Task details:
Whenever a line of the material contains the string "Neck", it should be copied.

Provided data:

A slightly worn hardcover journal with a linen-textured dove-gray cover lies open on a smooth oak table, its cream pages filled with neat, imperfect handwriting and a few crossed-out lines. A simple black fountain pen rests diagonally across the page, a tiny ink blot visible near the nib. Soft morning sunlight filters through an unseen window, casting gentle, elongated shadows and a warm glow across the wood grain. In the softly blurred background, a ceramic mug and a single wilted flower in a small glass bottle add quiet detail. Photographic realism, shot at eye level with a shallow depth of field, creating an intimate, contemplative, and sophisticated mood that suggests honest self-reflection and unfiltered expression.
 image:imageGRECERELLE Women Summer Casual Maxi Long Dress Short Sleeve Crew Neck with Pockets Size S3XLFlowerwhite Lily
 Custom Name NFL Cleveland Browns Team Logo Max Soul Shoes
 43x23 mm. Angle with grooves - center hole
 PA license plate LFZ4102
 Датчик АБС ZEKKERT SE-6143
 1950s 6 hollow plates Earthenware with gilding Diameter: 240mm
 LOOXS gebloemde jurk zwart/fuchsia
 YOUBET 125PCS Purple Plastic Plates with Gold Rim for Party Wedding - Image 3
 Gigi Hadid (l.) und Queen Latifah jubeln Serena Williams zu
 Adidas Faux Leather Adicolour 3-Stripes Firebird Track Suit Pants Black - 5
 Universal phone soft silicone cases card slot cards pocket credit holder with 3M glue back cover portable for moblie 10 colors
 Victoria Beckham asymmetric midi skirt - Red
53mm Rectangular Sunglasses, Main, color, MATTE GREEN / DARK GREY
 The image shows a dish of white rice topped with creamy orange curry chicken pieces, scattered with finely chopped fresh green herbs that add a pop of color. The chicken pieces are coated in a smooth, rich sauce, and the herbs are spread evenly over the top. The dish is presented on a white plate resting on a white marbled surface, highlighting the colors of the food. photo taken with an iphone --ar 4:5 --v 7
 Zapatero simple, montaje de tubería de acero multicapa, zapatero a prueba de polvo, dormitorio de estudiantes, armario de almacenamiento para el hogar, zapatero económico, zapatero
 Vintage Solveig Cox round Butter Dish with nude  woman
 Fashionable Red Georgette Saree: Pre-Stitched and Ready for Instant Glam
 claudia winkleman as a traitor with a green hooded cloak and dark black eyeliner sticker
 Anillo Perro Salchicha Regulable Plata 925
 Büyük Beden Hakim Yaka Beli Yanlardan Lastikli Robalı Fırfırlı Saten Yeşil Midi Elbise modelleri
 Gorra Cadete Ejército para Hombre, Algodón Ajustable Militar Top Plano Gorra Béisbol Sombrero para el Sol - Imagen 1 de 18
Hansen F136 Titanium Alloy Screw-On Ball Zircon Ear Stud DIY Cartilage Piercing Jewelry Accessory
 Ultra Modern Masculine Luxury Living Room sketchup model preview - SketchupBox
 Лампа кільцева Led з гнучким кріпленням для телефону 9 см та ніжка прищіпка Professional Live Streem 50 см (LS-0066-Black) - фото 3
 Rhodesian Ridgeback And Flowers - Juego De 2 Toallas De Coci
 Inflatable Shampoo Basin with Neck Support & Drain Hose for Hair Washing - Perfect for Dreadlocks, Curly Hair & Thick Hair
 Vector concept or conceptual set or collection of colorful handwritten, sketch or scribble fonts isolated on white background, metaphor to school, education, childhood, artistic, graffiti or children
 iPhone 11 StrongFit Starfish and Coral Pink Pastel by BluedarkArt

Answer to the problem:
 image:imageGRECERELLE Women Summer Casual Maxi Long Dress Short Sleeve Crew Neck with Pockets Size S3XLFlowerwhite Lily
 Inflatable Shampoo Basin with Neck Support & Drain Hose for Hair Washing - Perfect for Dreadlocks, Curly Hair & Thick Hair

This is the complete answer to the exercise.